§ **Work item**: Print all the records below exactly as they stand, but leave out the pictures.

(Captioned web images)
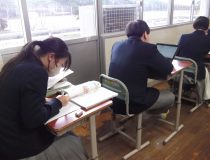 添付画像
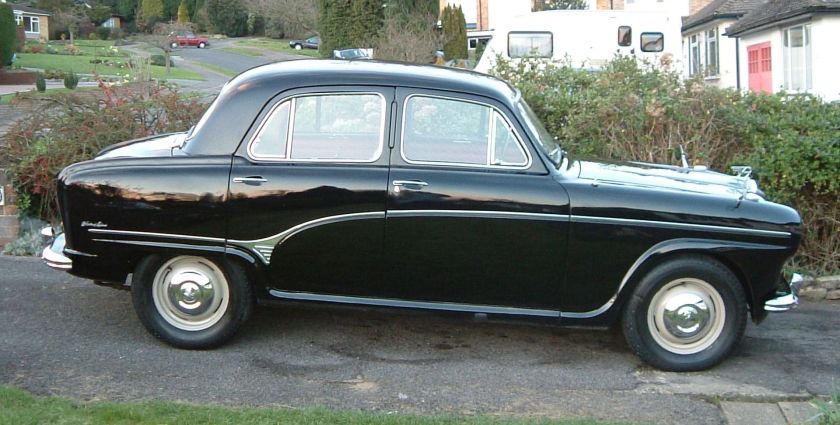 1954-austin-a90-westminster-side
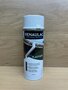 Spuitbus-Renaulac-plastic-spray-wit-400ml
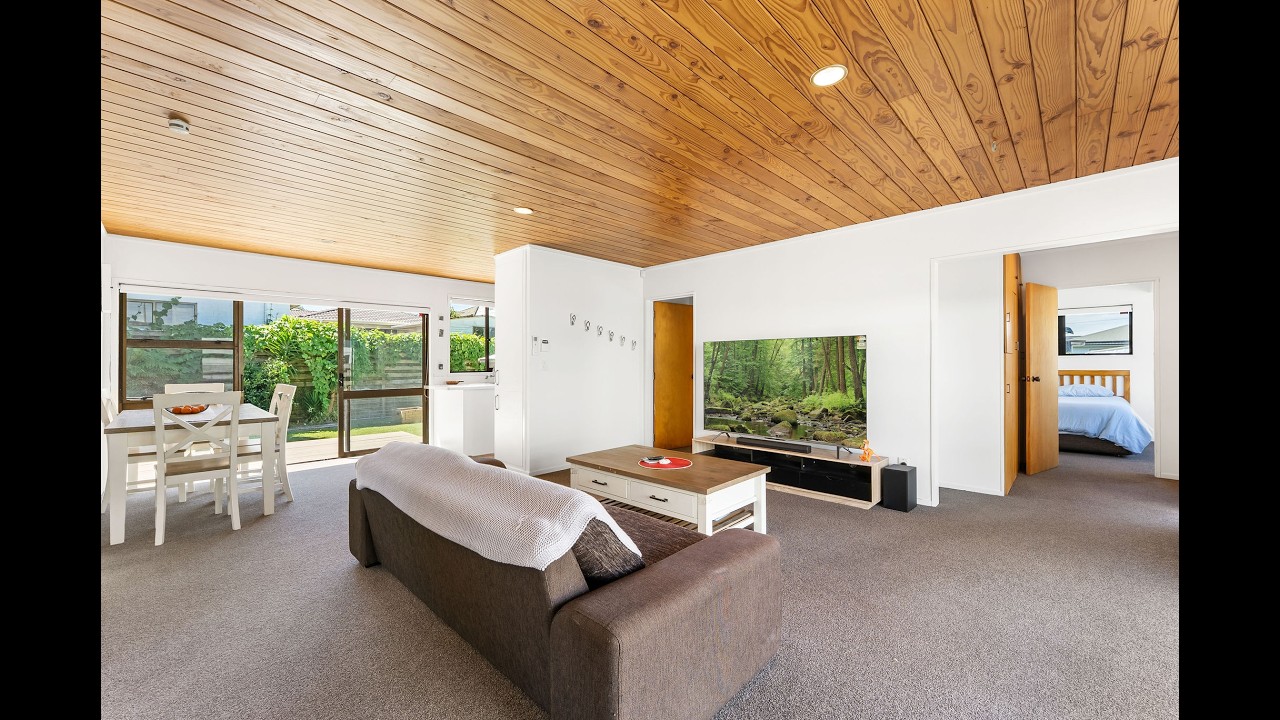 30 Percy Road, Papamoa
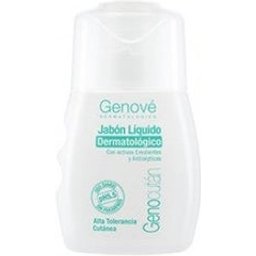 Gel Dermatologique Dermatologique 100 ml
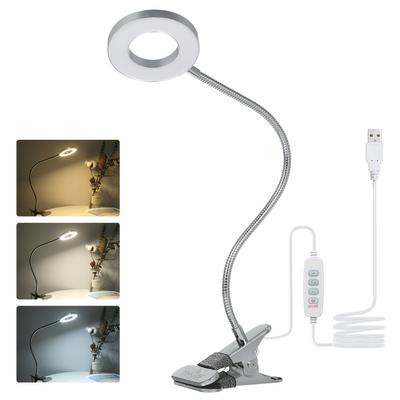 Lampade LED – Lampade da tavolo LED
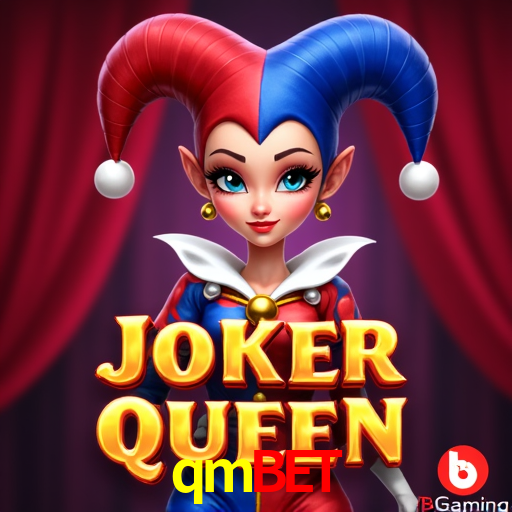 qmbet,qmbet.com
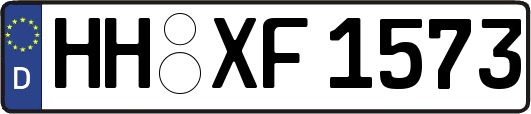 HH-XF1573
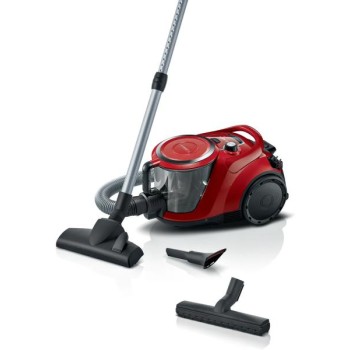 BOSCH BGC41Q69 Usisivač sa posudom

§ **Completed exercise**:
 添付画像
 1954-austin-a90-westminster-side
 Spuitbus-Renaulac-plastic-spray-wit-400ml
 30 Percy Road, Papamoa
 Gel Dermatologique Dermatologique 100 ml
 Lampade LED – Lampade da tavolo LED
 qmbet,qmbet.com
 HH-XF1573
 BOSCH BGC41Q69 Usisivač sa posudom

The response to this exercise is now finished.